The largest life insurer in the United States also said it needed to move faster on strategic changes amid a persistently low-interest-rate environment.

While MetLife has said in the past that it was well equipped to handle years of low rates, particularly with a hedging program it has put in place, the company acknowledged on Thursday that it was in a "lower-for-longer" scenario.

Because their obligations are usually long-term, life insurers invest the premiums they collect in hopes of generating sufficient return to pay those obligations over time. In a low-rate environment, it becomes much harder for insurers to generate enough return to meet those commitments.

MetLife said operating earnings per share next year would be lower than this year, compared with Wall Street expectations for growth in the low single digits. However, it also said the forecast was "broadly consistent" with its long-term outlook of a year ago.

For this year, the insurer expects operating earnings of $5.5 billion to $5.6 billion, or $5.15 to $5.25 per share, compared with analysts' average estimate of $5.25.

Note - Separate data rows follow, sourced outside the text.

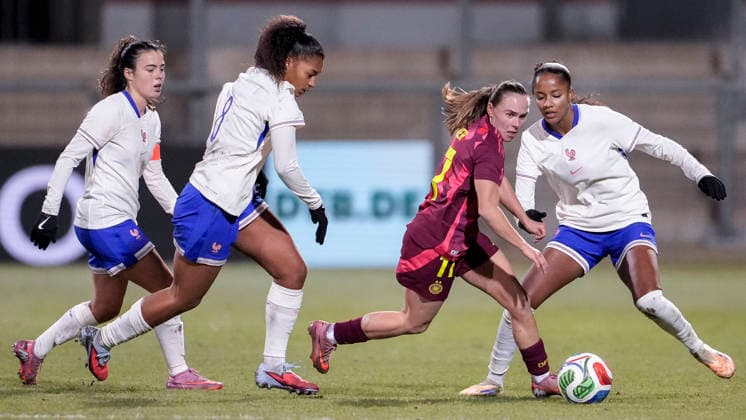 v li Judith Coquet France, 18 , Julie Swierot France, 8 , Marie Steiner Germany, 17 , Shana Chossenotte France, 21 , duel, duel, tackle, tackling, dynamics, action, action, 01 12 2025, Frankfurt am Main Germany , football, international match, U23 women, Germany France, DFB DFL REGULATIONS PROHIBIT ANY USE OF PHOTOGRAPHS AS IMAGE SEQUENCES AND OR QUASI VIDEO xozx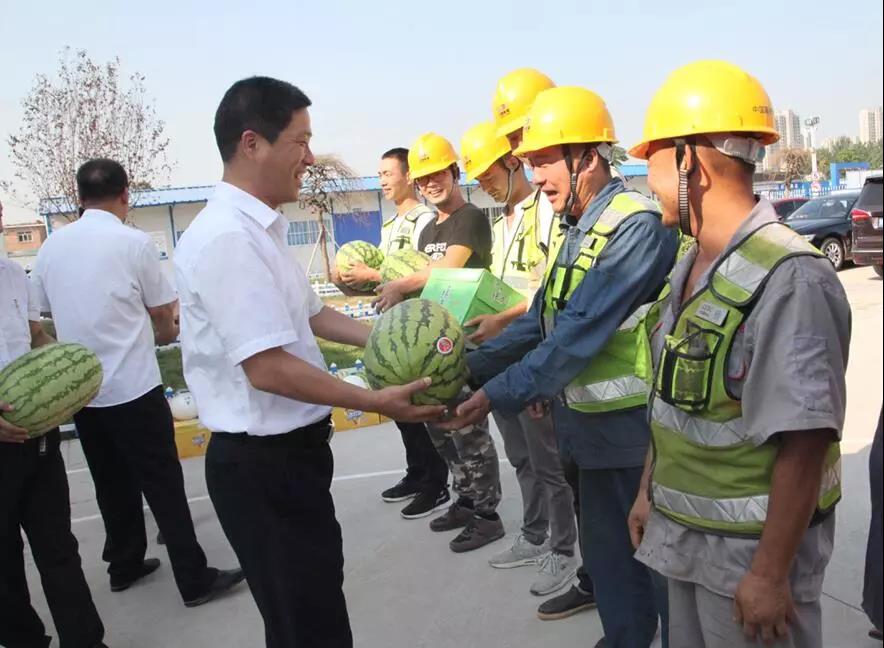 保障商品鋼筋供應 提升產品增值服務——龍鋼集團到中國葛洲壩集團、中鐵二十局集團工地慰問送清涼 保障商品鋼筋供應 提升產品增值服務——龍鋼集團到中國葛洲壩集團、中鐵二十局集團工地慰問送清涼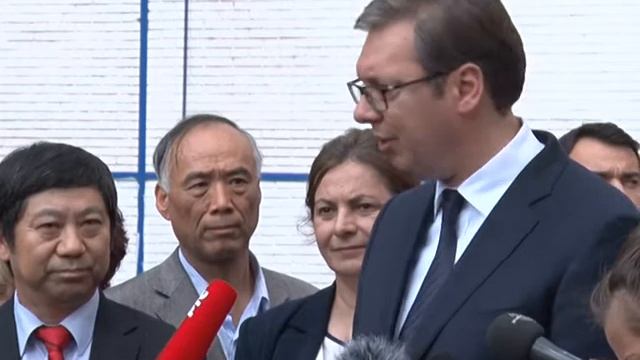 Vučić: Železara doprinosi budžetu i zapošljava ljude смотреть онлайн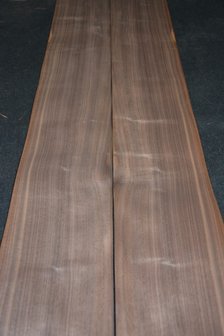Amerikanischer Nussbaum Furnier 425 x 20-24 cm | 0.6mm | 0,935m&sup2;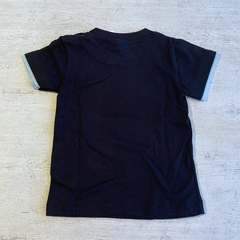 Remera manga corta (ÚLTIMA 12 MESES) en internet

In 2013, it expects $5.5 billion to $5.9 billion, or $4.95 to $5.35 per share. Analysts' average forecast is $5.47, according to Thomson Reuters I/B/E/S.

MetLife's operating earnings forecast excludes discontinued operations and net investment gains and losses.

Shares of MetLife rose 2 percent to $34.29 in morning trading. At Wednesday's close, the stock had risen about 5 percent this year.

NO BUYBACKS

On a year-end investor call with analysts, MetLife management said the 2013 forecast assumes no share buybacks. Chief Executive Steve Kandarian later added, "I don't have total confidence" the company will be free to buy back shares after 2013, either.

MetLife investors have waited since the autumn of 2011 for the company to buy back shares and raise its dividend, but regulators foiled the company's plans.

Because of its online bank, MetLife has a bank holding company charter and is subject to Federal Reserve oversight. The Fed blocked MetLife from a buyback in late 2011, and the company failed a Fed bank stress test earlier this year.

On Wednesday, the insurer won approval from banking regulators for a long-delayed deal to sell the deposits portion of its bank to General Electric Co's GE Capital unit. Once that sale closes, MetLife will seek to relinquish the bank charter, which may mean the end of Fed oversight.

RBC Capital Markets analyst Eric Berg, in a research note, said the sale "was certainly a step in the right direction."

But MetLife executives said they could not be sure when the sale would close, and how that timing would affect whether the company has to participate in another stress test, meaning it was "prudent" to assume it would not buy back shares next year.

Even with the bank sold, MetLife is also considered at risk of being declared a systemically important financial institution by a federal panel, which would put it right back under Fed supervision and could restrict its payout ability.

"And we fear that knowing this, Met will go slow on share repurchase - exactly the opposite of what investors want to hear from the company," RBC's Berg said.